Academic background
- Alma mater: University of Durban-Westville (B.Eng.) University of Natal (M.S.) Virginia Tech (Ph.D.)

Academic work
- Discipline: Electrical engineering
- Sub-discipline: Power engineering Renewable energy technology
- Institutions: Newcastle University (1988–1990) University of New Orleans (1990–1995) Clarkson University (1995–2007) Concordia University (2008–present)

= Pragasen Pillay =

South African engineer (born 1958)

Pragasen Pillay (born 1958) is a South African electrical engineer known for his research in power engineering and renewable energy technology. He has been a professor at Concordia University since 2008. Before that, he was a professor at Clarkson University from 1995 to 2007. He was appointed as an honorary professor at the University of Cape Town in 2017.

== Education ==
Pillay was born in 1958. From 1978 to 1983, he studied electrical engineering at present-day University of KwaZulu-Natal. He completed a B.Eng. in 1981 at the University of Durban–Westville, supported by a scholarship from Anglo American, and then completed an M.S. in 1983 at the University of Natal, supported by the Council for Scientific and Industrial Research. While a student, he was a trainee engineer at Mondi SA in 1980 and an electrical engineer at the Electricity Supply Commission of South Africa in 1984.

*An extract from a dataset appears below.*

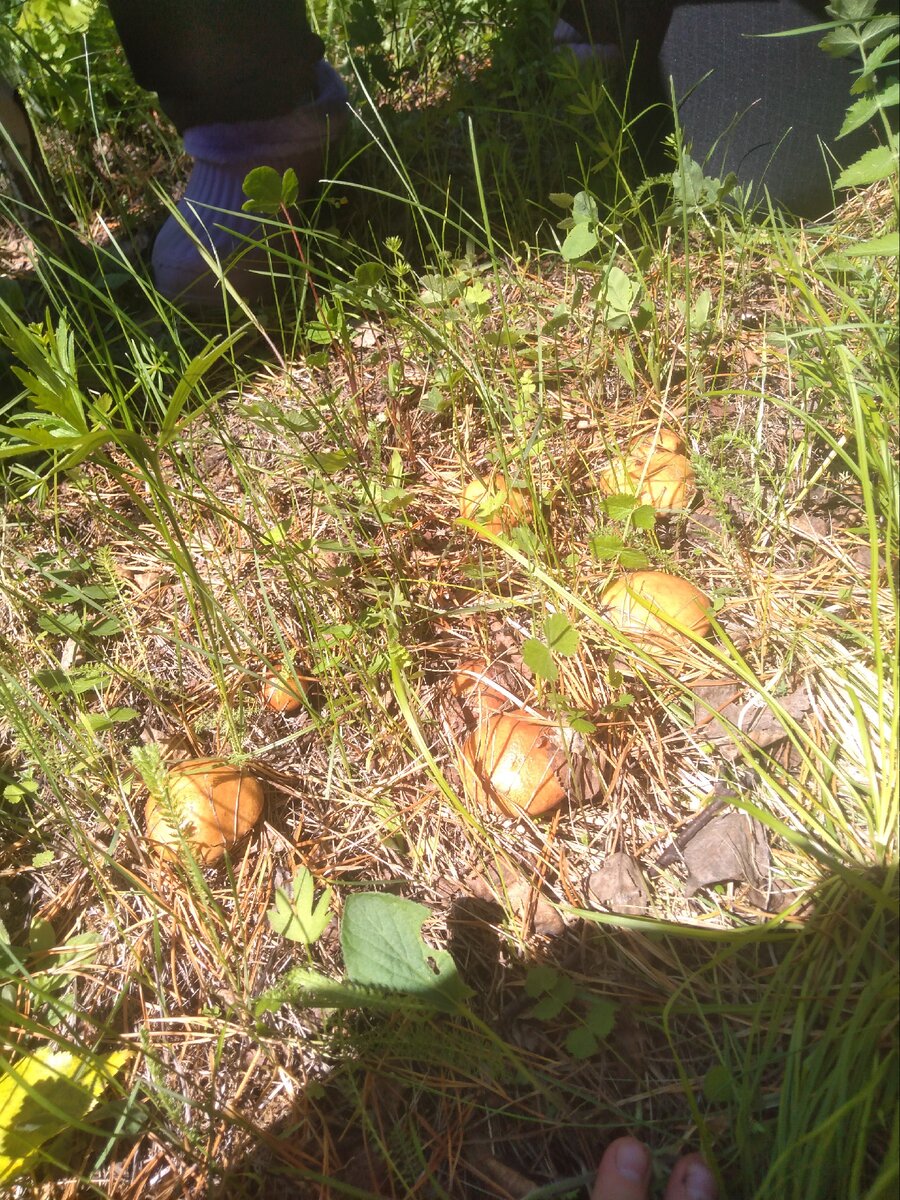 Лесные красавцы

Later in 1984, he moved to Blacksburg, Virginia to pursue his Ph.D. in electrical engineering at the Virginia Polytechnic Institute and State University. His research was supported by a Fulbright Scholarship and was completed in 1987. He was inducted into Phi Kappa Phi in Virginia. In later years he was certified as a chartered electrical engineer in the United Kingdom and a registered professional engineer in Ontario, Canada.

== Academic career ==
Between 1988 and 1990, he was a lecturer at Newcastle University in Newcastle upon Tyne, England. In August 1990, he returned to the United States as a lecturer at the University of New Orleans, a position he held for the next five years. During that time he was associate director of the university's Center for the Application of Power and Instrumentation from 1990 to 1993 and then the director of the centre's Industry Applications and Energy Conversion programme from 1993 to 1995. On the side he did consulting work: while in Newcastle he consulted for British Gas, Sevcon, and Pakcenter, and in the United States he consulted for the Kollmorgen Corporation, Certek Corporation, Entergy Enterprises, and Powertronics. He also visited the Oak Ridge National Laboratory as research faculty in the summer of 1994.

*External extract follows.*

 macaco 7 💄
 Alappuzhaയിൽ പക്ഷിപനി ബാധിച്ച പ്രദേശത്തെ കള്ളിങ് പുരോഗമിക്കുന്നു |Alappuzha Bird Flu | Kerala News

Between August 1995 and August 2007, he was the Jean Newell Distinguished Professor in Engineering at Clarkson University in Potsdam, New York; he was tenured as a professor of electrical and chemical engineering in 1997. During that time he was the Danfoss Visiting Professor at Aalborg University in Denmark in 2001.

In January 2008, Pillay joined Concordia University in Montréal, Canada as a professor. From 2009 to 2020, he held a Senior Industrial Research Chair co-sponsored by the Natural Sciences and Engineering Research Council and Hydro-Québec. At Concordia, he is a member of the Power Engineering and Energy Research Group. He is particularly well known for his research on power engineering and renewable energy technologies.'

Alongside his appointment in Canada, in January 2017 he was appointed as an honorary professor in electrical engineering at the University of Cape Town, where he had served as an adjunct professor in the Department of Electrical Engineering since January 1999.'

== Honours and awards ==
Pillay has served in various positions in committees of the Institute of Electrical and Electronics Engineers (IEEE), and he won prize paper awards from the association in 1987 and 2003. In 2005 the IEEE Industry Applications Society (IAS) named him as an IEEE IAS Fellow for his contributions to switched reluctance and permanent magnet motor drives. In later years he was named as an IEEE IAS Distinguished Lecturer in 2012 to 2013 and as IEE IAS Prominent Lecturer in 2014 to 2015. In 2015 he won the IAS Outstanding Achievement Award.

In South Africa, he won the 2006 T. W. Kambule Award for Senior Black Researchers, presented by the South African National Science and Technology Forum and sponsored by the National Research Foundation. On 28 October 2008, South African President Kgalema Motlanthe inducted him into the Order of Mapungubwe, awarding him the prize in silver "For his excellent achievement in and contribution to the field of energy conservation." He is also a member of the Academy of Science of South Africa, as well as a fellow of the United Kingdom's Institution of Engineering and Technology.